"Pasangan ganda putri Isyana Syahira Meida/Rinjani Kwinara Nastine tidak diberangkatkan ke turnamen Swiss Open dan Orléans Masters setelah melalui evaluasi bersama tim pelatih dan tim medis. Hira mengalami cedera pada tulang kering sebelah kanan yang membutuhkan waktu untuk istirahat dan proses pemulihan agar kondisinya bisa kembali optimal," jelas pelatih ganda putri utama pelatnas bulu tangkis Indonesia, Karel Mainaky, melalui keterangan pers Humas dan Media PP PBSI, Sabtu (7/3) petang.

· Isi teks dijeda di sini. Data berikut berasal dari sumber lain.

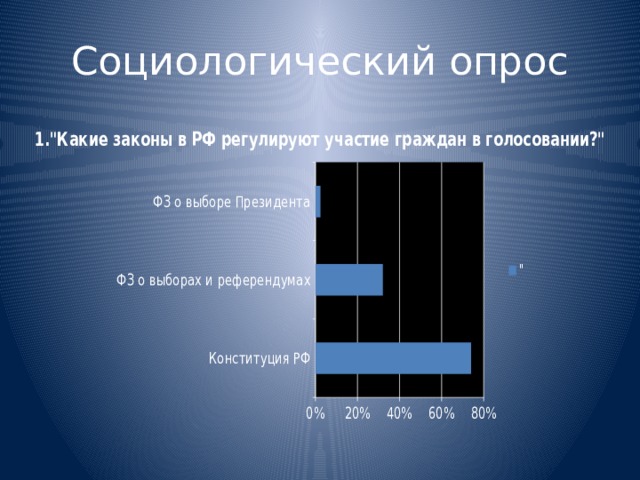 Социологический опрос 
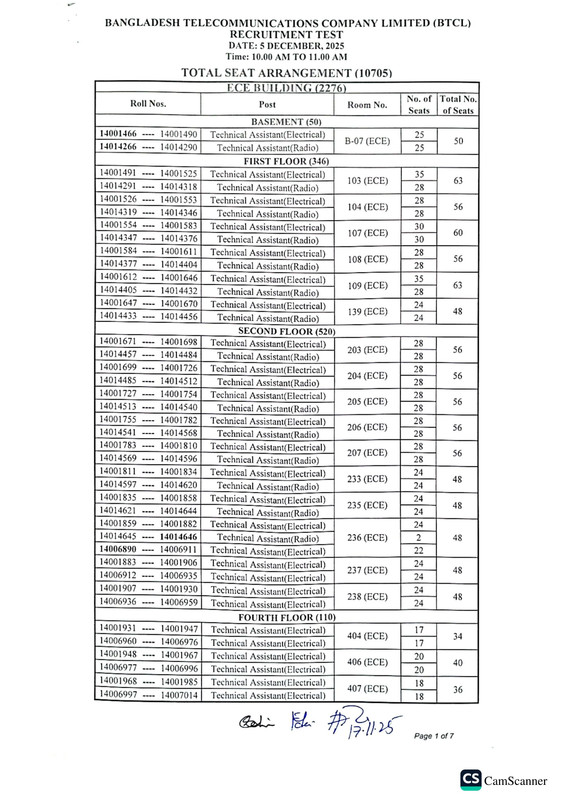 BTCL-Technical-Assistant-MCQ-Exam-Seat-Plan-2025-PDF-1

Lebih lanjut Karel mengatakan, berdasarkan rekomendasi tim medis, Hira untuk sementara waktu belum dapat menjalani pertandingan dan harus fokus terlebih dahulu pada proses pemulihan cedera. "Kami tidak ingin mengambil risiko yang dapat memperparah kondisi cederanya, sehingga keputusan ini diambil sebagai langkah pencegahan sekaligus untuk memastikan pemulihan berjalan dengan baik," katanya.
Program pemulihan selanjutnya yang akan dijalani Hira, lanjut Karel, adalah fisioterapi yang difokuskan pada penanganan nyeri (pain management), disertai latihan penguatan serta aktivasi otot-otot tungkai bawah secara bertahap. "Setelah kondisi dinilai stabil dan siap, Hira akan kembali menjalani program latihan secara bertahap sebelum kembali ke program pertandingan," pungkasnya.
Isyana/Rinjani, pasangan yang baru naik level ke pelatnas utama, semula menjadi bagian dari empat ganda putri Indonesia yang dijadwalkan tampil di Swiss dan Prancis, bersama Febriana Dwipuji Kusuma/Meilysa Trias Puspitasari, Rachel Allessya Rose/Febi Setianingrum, serta Amallia Cahaya Pratiwi/Siti Fadia Silva Ramadhanti. Namun, dengan mundurnya Isyana/Rinjani, Indonesia kini hanya diperkuat tiga pasangan di Swiss. Sementara itu, di Prancis jumlahnya berkurang menjadi dua pasangan setelah Tiwi/Fadia juga memutuskan mundur.